Fantazein moving wand clock

Posted on Tuesday 12 June 2007


TIA wiki user D18c7db contributed this wonderful guide for the Fantazein moving wand clock. He describes its function and even created a circuit diagram for it!

Check it out after the jump.

This is a Fantazein moving wand clock, the type that creates the illusion that text floats in midair as seen in the small picture below.

View of Fantazein clock

This guide is not so much on how to take the clock apart which is trivial. Just remove the two screws in the metal baseplate and the two halves of the plastic case come apart. This is more of a guide of what’s inside.

 

With that in mind, the picture below shows the front of the circuit board assembly with the battery holder and the programming keypad. The wand with 8 red LED can be seen protruding from the top. This wand moves at about 12 oscillations per second becoming almost invisible to the eye while the LEDs flash creating a floating text effect.

 

Fantazein circuit board front view

Below is the back of the circuit board. The large chip is an Atmel AT87F52 microcontroller that is the brains of the whole clock. In the middle are two flat iron bars spaced apart with coils wound onto them. The two coils are wound in series and are pulsed on and off by the microcontroller. A permanent magnet affixed to the wand creates a repulsive force when the coil is activated pushing the wand slightly to one side.

Since the coil can only be turned on or off and the polarity is not reversed, the repulsive force on the wand is always in the same direction. The wand is held in place through a springy thin steel blade which is firmly affixed to the L shaped aluminium mound bolted to the circuit board. The springy steel blade has a strong tendency to return the wand to the vertical position. By pulsing the coil on and off an oscillation is induced in the wand which initially only moves back and forth a little but as the coil is pulsed the oscillation becomes wider.

Think of is a a swing.

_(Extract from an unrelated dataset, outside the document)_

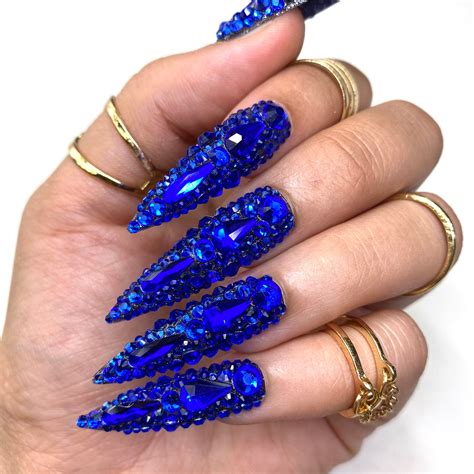 Blue Bling Press On Nails Glue On Nails Long Nails Stick Etsy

As you lean back you swing only a little but as you keep leaning back and forth at the right time you increase your swing arc significantly.

 

 

The side view below of the circuit board shows the coil assembly as well as the wand with the permanent magnet. An aluminium bar is mounted to the wand which passes between an LED and a photodetector as the wand swings. This is used by the microcontroller as a feedback mechanism to detect the wand swing and time the coil pulse timing and duration accordingly.

 

Fantazein circuit board side view

 

Closeup view of the semiconductors below. The large chip is the microcontroller, to the left of it as a LM339 quad op-amp. Above the micro is a LS244 driver and to the right of that a small 93C56 EEPROM.

Fantazein circuit chips closeup

Finally below is a hand drawn reverse engineered circuit diagram of the whole clock. The schematic is elegant in it’s simplicity. The micro is read protected and the firmware could not be read however since it’s socketed, a new micro could be fitted and given enough skill one could develop a replacement firmware code. I started doing that and got as far a creating a sustained wand movement that would recover if the wand was stopped by an obstacle such as your hand but other more pressing matters put this project on the backburner.